Work to complete: Repeat exactly the lines of the material below that run from the "Škoda Scala (2024)" line to the "Read Heroe, regresa ES Manga Online" line, including both, and do not carry over any pictures.

Source material:

::::::::

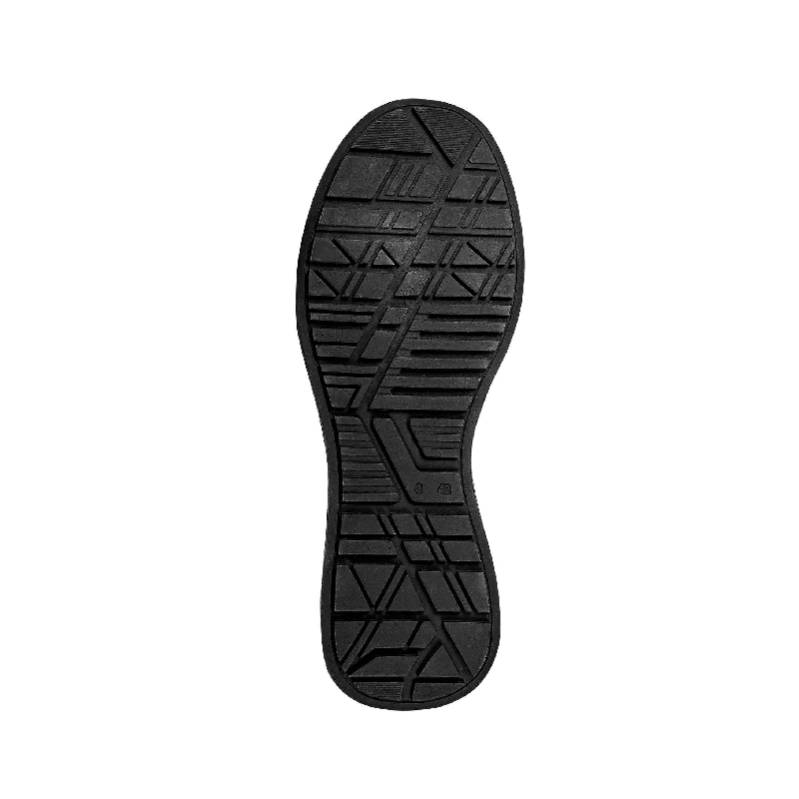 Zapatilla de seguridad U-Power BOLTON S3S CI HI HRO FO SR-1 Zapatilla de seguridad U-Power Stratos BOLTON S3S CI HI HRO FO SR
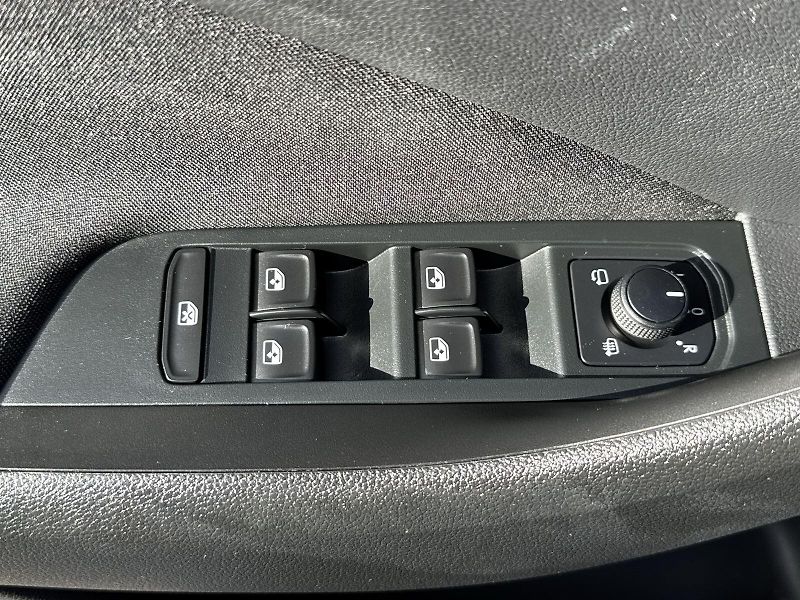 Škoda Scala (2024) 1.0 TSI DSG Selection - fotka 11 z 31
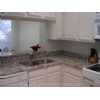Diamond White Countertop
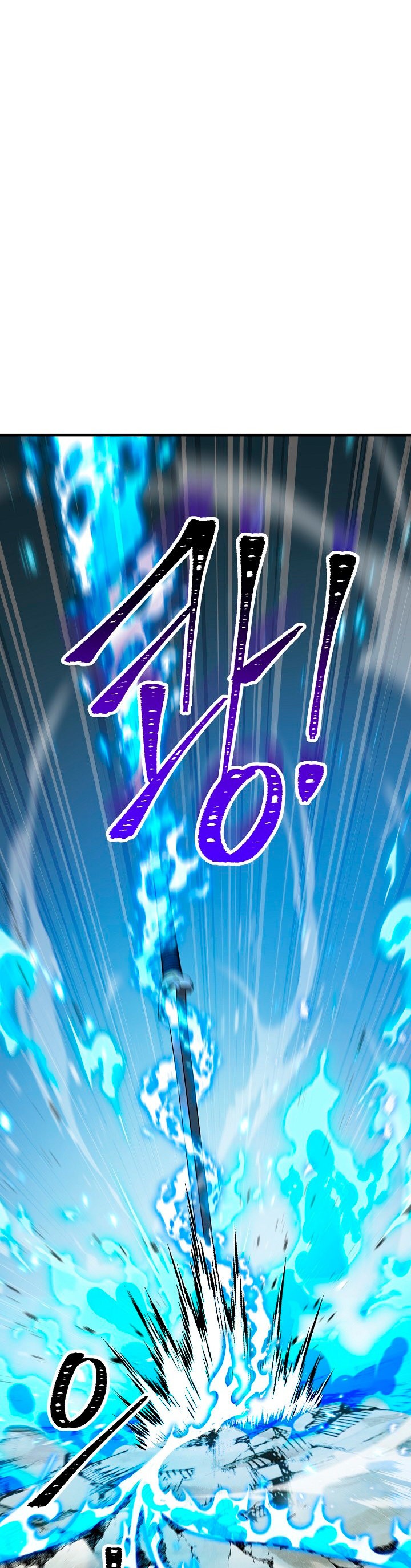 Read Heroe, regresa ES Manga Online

::::::::

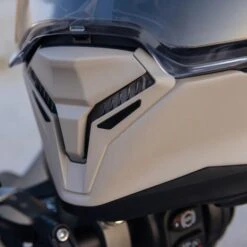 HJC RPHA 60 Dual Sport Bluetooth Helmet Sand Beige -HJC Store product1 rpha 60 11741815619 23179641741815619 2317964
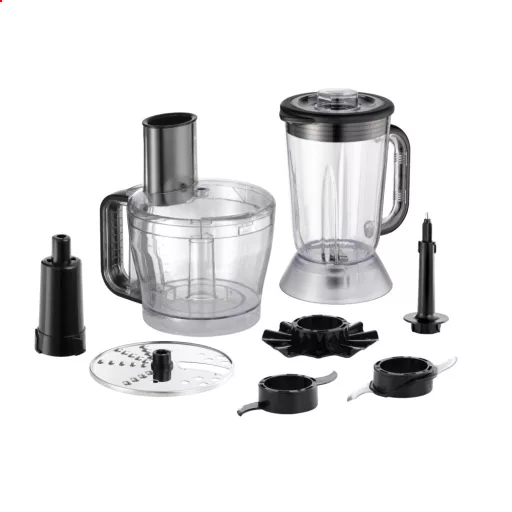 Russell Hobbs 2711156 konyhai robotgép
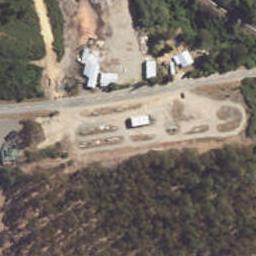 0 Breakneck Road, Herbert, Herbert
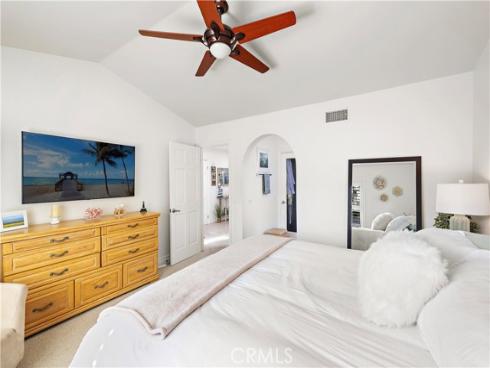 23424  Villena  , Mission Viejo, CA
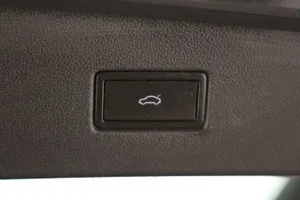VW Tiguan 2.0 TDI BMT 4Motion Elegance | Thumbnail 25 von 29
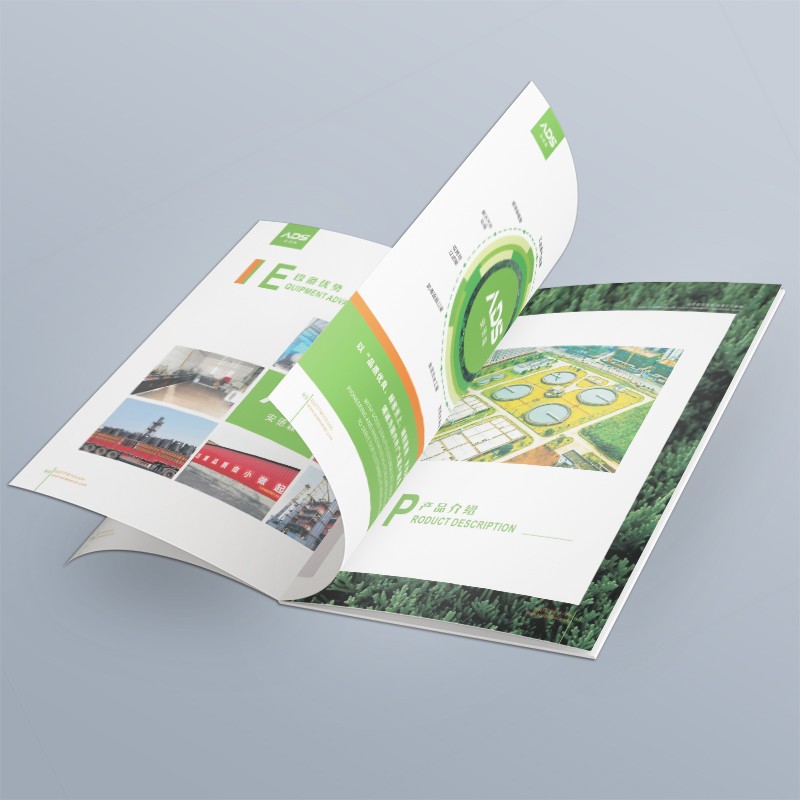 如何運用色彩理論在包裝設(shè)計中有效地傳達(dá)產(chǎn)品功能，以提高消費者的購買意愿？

::::::::

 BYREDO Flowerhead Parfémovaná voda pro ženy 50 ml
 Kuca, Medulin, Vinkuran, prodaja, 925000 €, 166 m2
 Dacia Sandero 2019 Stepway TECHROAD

::::::::

Written reply:
 Škoda Scala (2024) 1.0 TSI DSG Selection - fotka 11 z 31
Diamond White Countertop
 Read Heroe, regresa ES Manga Online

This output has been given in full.